Countering Keaton's Batman is superstar Jack Nicholson as the psycho nut job Jack Napier, The Joker. "So much to do, and so little time." Because of his status in the Hollywood hierarchy, Nicholson received top billing, an odd circumstance given the movie's title but an understandable one considering Nicholson's marketability. Needless to say, Nicholson plays his character as broadly as possible and, depending on your point of view, either steals the show or ruins it. Like most viewers, I've always rather liked Nicholson's creation, the flip side of Bruce Wayne, both masked, one good, the other evil; even if I think Burton gives Nicholson too much screen time, which takes away from the otherwise semi-realistic tone of the picture. "Do I look like I'm joking?" Then, too, it's The Joker and his shenanigans that almost sink the movie in the last half hour of bedlam, as things get more and more exaggerated. "Batman" fans live with it.

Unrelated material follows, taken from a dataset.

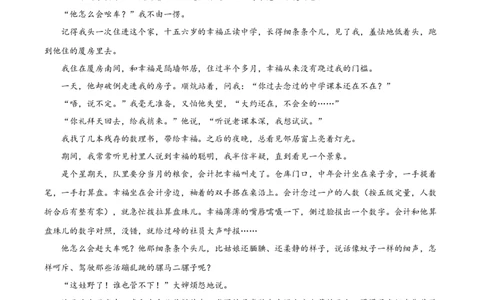 精品解析：湖南省长沙市一中2023-2024学年高三上学期月考（一）语文试题（原卷版）_2023年9月_01每日更新_3号_2024届湖南省长沙市第一中学高三上学期月考(一)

The movie's supporting cast do their part as well. Kim Basinger as Vicki Vale, the photographer on Batman's trail and the eventual love interest for Bruce Wayne, is sexy and convincing. Robert Wuhl as Alexander Knox, a reporter out to unmask the flying bat, is appropriately cheeky and lightens the mood of the proceedings. Pat Hingle and Billy Dee Williams look good in their roles as Commissioner Gordon and District Attorney Dent, but they go largely unused in the film. Jack Palance as crime boss Carl Grissom is on screen for only a few minutes, but he is the only actor to come close to upstaging Nicholson. And Michael Gough as Alfred the butler is the perfect gentleman's gentleman.
Burton's ingenuity, Keaton's and Nicholson's star turns, and the excellent supporting cast would go for naught, however, if it weren't for Anton Furst's production design and Peter Young's set decoration, which combined for an Academy Award; Roger Pratt's cinematography; and Danny Elfman's original music (but maybe not Prince's song contributions). One look at and one listen to this movie's opening sequence alone, and you know it's "Batman," a unique work of considerable influence and imagination. Silly touches aside, like the overambitious Batmobile and Batplane, this movie is the yardstick by which we have measured all subsequent "Batman" films.
Although Warner Bros. use a dual-layer BD50 and a VC-1 encode to reproduce the film in 1080p high definition, there are noticeable differences in various parts of the movie's visual quality. It isn't at all bad, although one has to wonder about the director's intent in the original print. There is more than a modicum of natural grain in the darker scenes, and detail and delineation can run the course between sharp and polished on the one hand and dull, soft, and veiled on the other. Part of the problem is that Burton probably meant his film to look misty and dark, and it's certainly that, with a dull sheen over some of the sequences. Yet in brighter shots, the picture is crystal clear. Overall, despite the occasional softness, it looks pretty good.
WB audio engineers provide both lossless Dolby TrueHD 5.1 and regular, lossy Dolby Digital 5.1 soundtracks. I listened in TrueHD, which firms up and smoothes out the sound better than the regular DD 5.1. Still, the audio is somewhat rough and edgy, with relatively little information in the surround channels beyond some musical ambience enhancement. Bass is also a mite restricted, and dynamic impact can vary from one action scene to the next. The sound can roar when it wants to, but it's a bit coarse and hard in the process. It's OK, but don't expect the kind of spectacular sonics found in later series entries like "Batman Begins" or "The Dark Knight."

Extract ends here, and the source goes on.